BUCKSPORT – An estimated 100 residents turned out Thursday to air their concerns over the recent incident that resulted in the expulsion this week of two high school students who wrote and distributed a violent and obscenity-laden CD at the school.
Much of the discussion focused on what steps should be taken to ensure that a similar situation does not occur again.
“I think we missed a link somewhere,” said one man. “What are we doing in the future? Are we looking at a health counselor or a resource officer? I feel this probably never should have even happened.”
Although Principal Tom Sullivan noted that the high school has several programs that provide students with opportunities to talk with adults, one woman noted that the school previously had an alcohol abuse counselor who had been able to work with students, but that she had been dismissed.
Superintendent Judy Lucarelli said the position had been eliminated because of budget concerns.
Although the two students involved have been expelled, several parents expressed concern about what was being done to monitor them. One questioned police officers as to whether their homes had been searched for weapons.
Sgt. Sean Geagan of the Bucksport Police Dept. said officers have not searched their homes because they have no grounds at this point to obtain a search warrant.
Two students provided different views on the situation. Since the content of the CDs was revealed, the school has increased security measures, and police have made regular appearances inside the school building.
Miles Bisher, a senior who is the student representative on the school committee, said he feels safe and has felt safe in the school.
“I felt safe before they were suspended and expelled, and I feel safe now,” he said. “From my point of view, the lock down and the increased police are just adding to the state of fear, not only in the school, but in the country.”
Sophomore Tamra Terry, however, said she had been afraid after she heard some of the lyrics of the song.
“I don’t feel as safe as I used to, but it’s starting to get better,” she said. “The police and the lock down help.
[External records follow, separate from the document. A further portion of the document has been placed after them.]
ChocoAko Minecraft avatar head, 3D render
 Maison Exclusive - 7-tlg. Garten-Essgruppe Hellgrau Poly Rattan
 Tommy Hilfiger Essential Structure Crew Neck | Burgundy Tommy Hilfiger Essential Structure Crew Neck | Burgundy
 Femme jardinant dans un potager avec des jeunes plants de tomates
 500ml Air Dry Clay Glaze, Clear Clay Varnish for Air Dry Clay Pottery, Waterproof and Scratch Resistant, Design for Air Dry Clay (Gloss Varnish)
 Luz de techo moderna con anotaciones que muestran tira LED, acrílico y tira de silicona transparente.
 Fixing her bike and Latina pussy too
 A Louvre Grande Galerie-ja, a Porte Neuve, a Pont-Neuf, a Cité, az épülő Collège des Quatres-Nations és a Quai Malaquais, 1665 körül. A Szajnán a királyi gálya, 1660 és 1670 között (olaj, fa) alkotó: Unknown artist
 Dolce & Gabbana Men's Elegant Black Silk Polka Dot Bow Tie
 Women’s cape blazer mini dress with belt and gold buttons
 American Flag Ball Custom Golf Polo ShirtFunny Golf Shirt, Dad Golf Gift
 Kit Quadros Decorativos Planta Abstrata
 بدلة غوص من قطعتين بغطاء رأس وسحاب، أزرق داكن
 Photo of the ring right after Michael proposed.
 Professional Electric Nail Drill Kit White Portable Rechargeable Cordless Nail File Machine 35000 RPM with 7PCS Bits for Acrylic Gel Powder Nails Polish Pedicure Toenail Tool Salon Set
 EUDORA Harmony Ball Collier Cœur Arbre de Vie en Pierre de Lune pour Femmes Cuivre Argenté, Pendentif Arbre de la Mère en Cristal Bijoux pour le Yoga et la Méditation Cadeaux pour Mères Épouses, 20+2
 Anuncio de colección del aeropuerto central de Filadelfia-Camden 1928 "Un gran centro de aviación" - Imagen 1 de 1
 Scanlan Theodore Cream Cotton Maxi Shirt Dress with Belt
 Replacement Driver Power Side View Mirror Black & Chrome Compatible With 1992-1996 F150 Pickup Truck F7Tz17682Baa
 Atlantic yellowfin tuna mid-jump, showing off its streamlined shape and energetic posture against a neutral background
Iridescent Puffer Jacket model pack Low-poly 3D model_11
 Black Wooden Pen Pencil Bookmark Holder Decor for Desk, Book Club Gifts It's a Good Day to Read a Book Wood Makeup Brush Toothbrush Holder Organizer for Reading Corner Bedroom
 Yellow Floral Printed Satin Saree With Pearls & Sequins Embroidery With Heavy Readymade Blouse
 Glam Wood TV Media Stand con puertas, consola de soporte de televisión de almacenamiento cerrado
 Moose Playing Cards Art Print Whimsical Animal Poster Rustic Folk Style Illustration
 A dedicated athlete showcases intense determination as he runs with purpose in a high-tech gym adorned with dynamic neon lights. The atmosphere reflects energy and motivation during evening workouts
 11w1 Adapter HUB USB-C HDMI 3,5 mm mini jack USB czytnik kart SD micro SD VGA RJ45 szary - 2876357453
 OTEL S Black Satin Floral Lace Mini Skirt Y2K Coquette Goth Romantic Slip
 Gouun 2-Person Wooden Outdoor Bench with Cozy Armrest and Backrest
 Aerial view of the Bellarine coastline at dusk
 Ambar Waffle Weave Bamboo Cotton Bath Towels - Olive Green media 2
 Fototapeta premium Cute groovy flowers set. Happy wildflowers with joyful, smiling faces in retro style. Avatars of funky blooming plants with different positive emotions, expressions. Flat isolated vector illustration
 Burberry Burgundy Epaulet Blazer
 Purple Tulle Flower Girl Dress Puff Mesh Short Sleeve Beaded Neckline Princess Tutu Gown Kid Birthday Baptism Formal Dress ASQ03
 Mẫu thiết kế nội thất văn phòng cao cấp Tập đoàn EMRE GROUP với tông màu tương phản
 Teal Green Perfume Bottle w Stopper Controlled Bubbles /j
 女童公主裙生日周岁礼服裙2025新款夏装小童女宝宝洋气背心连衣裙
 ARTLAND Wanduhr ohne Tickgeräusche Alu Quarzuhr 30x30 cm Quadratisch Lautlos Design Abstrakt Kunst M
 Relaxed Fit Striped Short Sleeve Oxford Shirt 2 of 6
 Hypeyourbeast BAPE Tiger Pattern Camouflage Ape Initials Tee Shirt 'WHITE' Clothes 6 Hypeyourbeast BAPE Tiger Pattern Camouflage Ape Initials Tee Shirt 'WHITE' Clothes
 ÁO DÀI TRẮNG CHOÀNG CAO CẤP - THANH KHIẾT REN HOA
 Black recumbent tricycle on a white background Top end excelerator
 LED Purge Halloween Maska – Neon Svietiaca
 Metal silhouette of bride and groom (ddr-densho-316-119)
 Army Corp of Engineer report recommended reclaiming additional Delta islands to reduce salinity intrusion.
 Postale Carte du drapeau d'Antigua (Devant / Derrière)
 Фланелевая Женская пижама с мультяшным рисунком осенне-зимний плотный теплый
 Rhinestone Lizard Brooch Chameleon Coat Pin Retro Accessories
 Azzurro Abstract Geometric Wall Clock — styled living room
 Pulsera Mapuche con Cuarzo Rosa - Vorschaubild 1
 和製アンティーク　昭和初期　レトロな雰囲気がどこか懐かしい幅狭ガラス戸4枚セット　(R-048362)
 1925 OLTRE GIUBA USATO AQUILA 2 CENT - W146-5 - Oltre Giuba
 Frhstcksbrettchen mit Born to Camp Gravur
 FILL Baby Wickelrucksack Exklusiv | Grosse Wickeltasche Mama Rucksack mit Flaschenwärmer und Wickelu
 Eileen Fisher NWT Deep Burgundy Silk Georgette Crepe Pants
Hopefully, it will come back entirely.”
Some residents were concerned that students were still listening to the CD, which contained lyrics extremely derogatory and violent toward women.
Administrators said they have been meeting with students in the past week, allowing them to discuss their feelings about the situation, and would look for new ways to increase those lines of communication.
Lucarelli said administrators were already reviewing crisis management plans for these types of situations and said she would investigate the possibilities of implementing some of the suggestions made at the forum, including the resource officer and a substance abuse counselor.